[WHAT YOU SHOULD DO] Below are the entries. Print only the lines starting at the one with "a playground with" and ending at the one with "foyer featuring stairway, recessed", exactly, with no pictures.

[GIVEN RECORDS]
Content starts

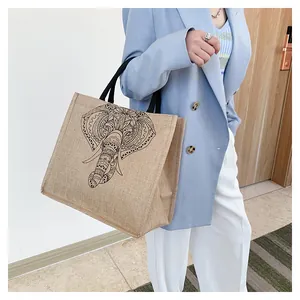 Detail of a large jute tote bag featuring a black mandala elephant print and woven handles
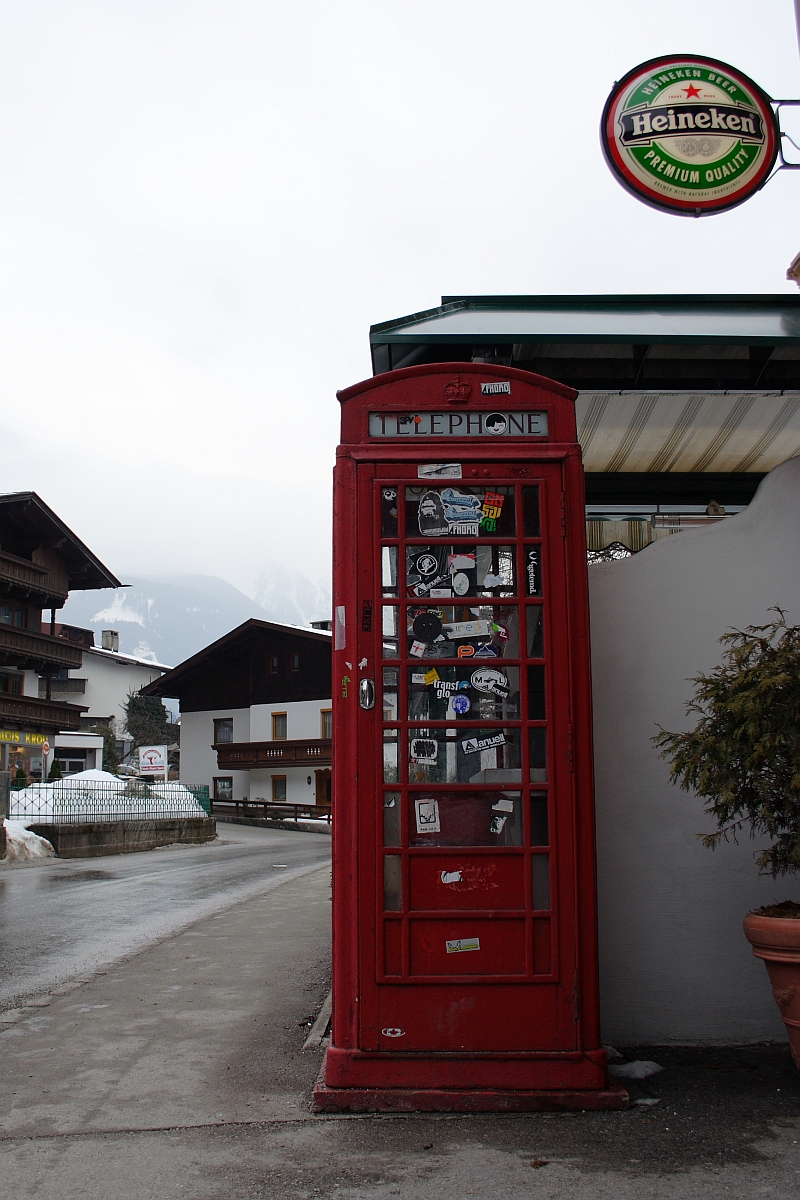 A traditional red British telephone booth stands on a wet street in a small town with alpine-style buildings, reminiscent of an Austrian village. The booth is adorned with stickers. In the upper right corner, a round Heineken beer sign is attached to a building. Snowy Alps are visible in the background.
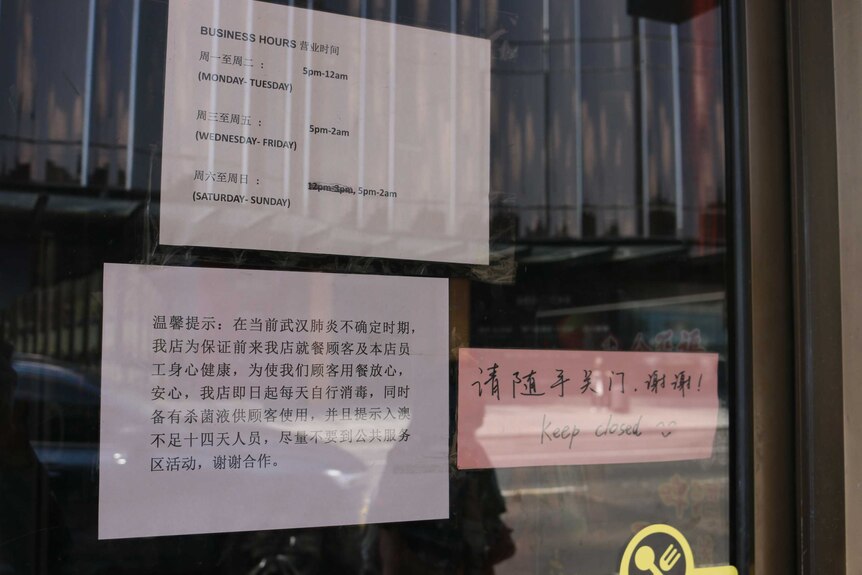 A sign inside a restaurant in Box Hill advises people who have recently been to China to self-isolate for 14 days.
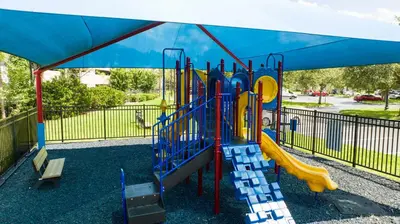 a playground with a slide in a park at Location Location Orlando Resort Near All Parks! Int'l Dr in Orlando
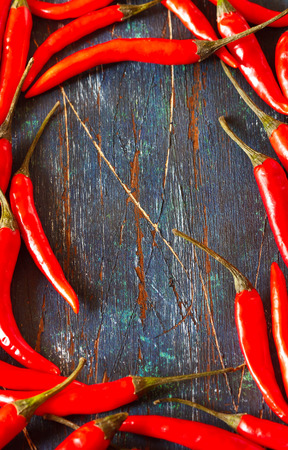 Red hot chili frame on an old wooden board with copy space.の写真素材
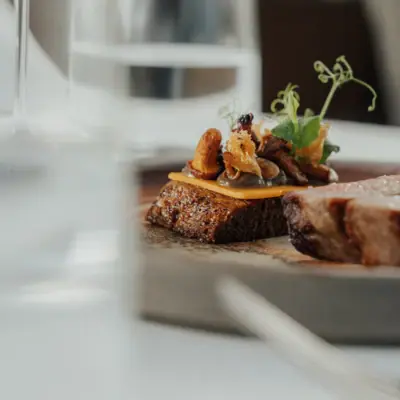Angerichtetes Steak Ein Teller mit Essen auf einem Tisch mit Weinglas.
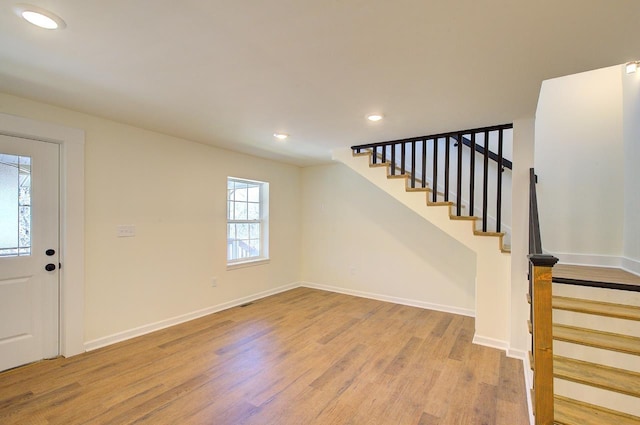 foyer featuring stairway, recessed lighting, light wood-type flooring, and baseboards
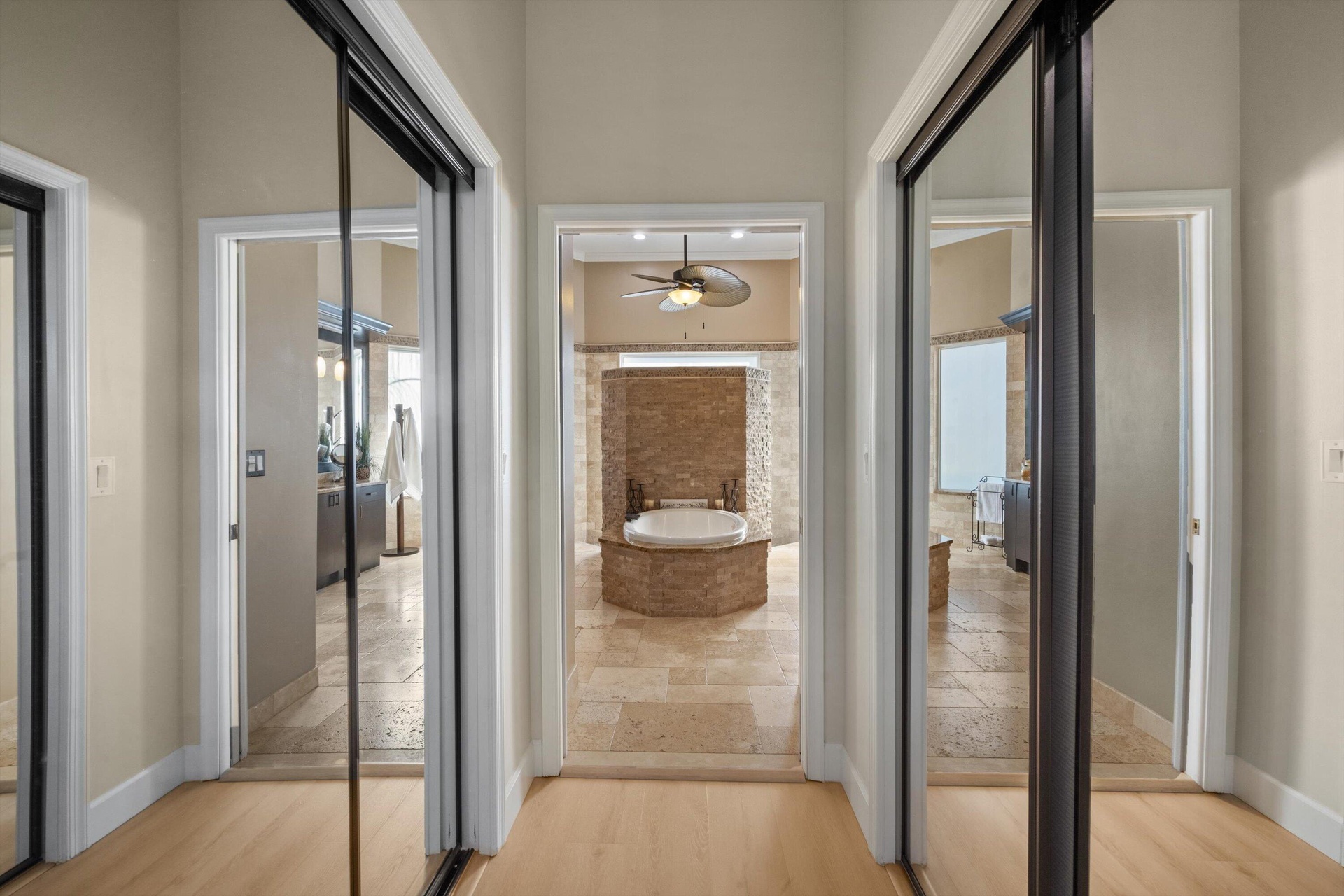 Hallway featuring dual floor-to-ceiling mirrored sliding closet doors, stone-tile flooring, and direct line-of-sight to an inset soaking tub with ston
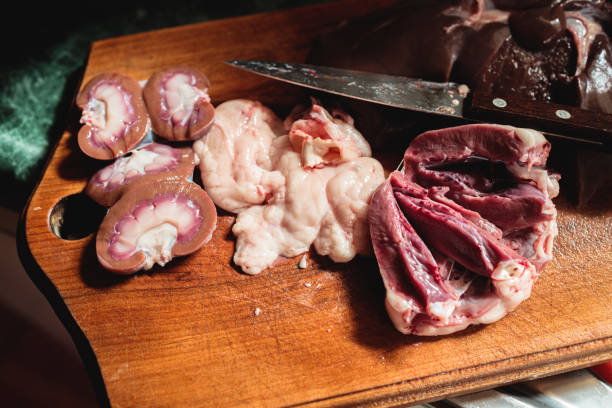 Raw sliced kidneys, heart and testicles of a lamb, ready to be cooked. Viscera, entrails and bowels preparation. stock photo
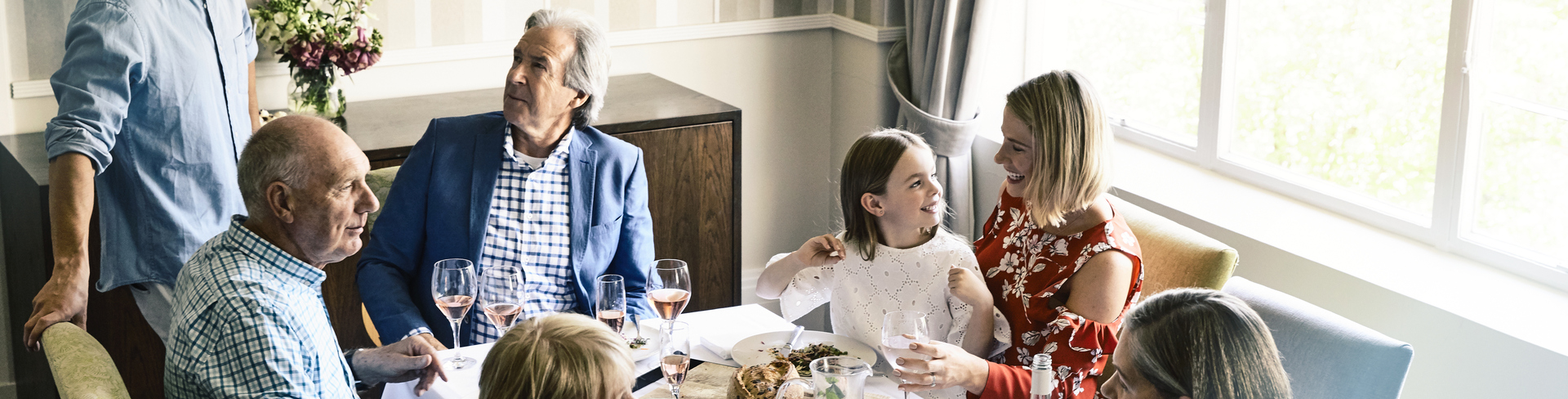 Family having lunch together sitting at the table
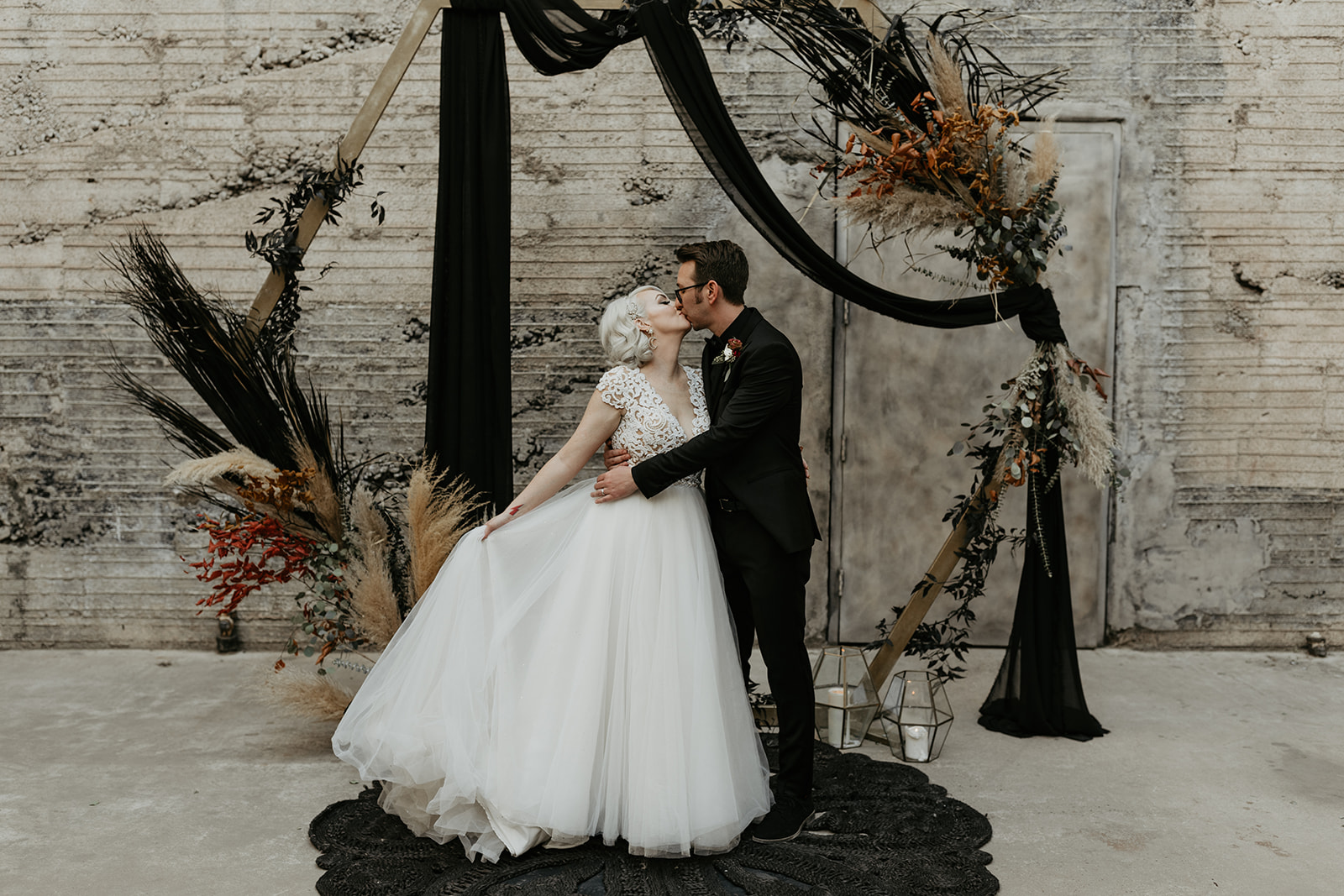bridal couple kissing at portrait at the altar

Content ends

[ANSWER SPACE]
 a playground with a slide in a park at Location Location Orlando Resort Near All Parks! Int'l Dr in Orlando
 Red hot chili frame on an old wooden board with copy space.の写真素材
Angerichtetes Steak Ein Teller mit Essen auf einem Tisch mit Weinglas.
 foyer featuring stairway, recessed lighting, light wood-type flooring, and baseboards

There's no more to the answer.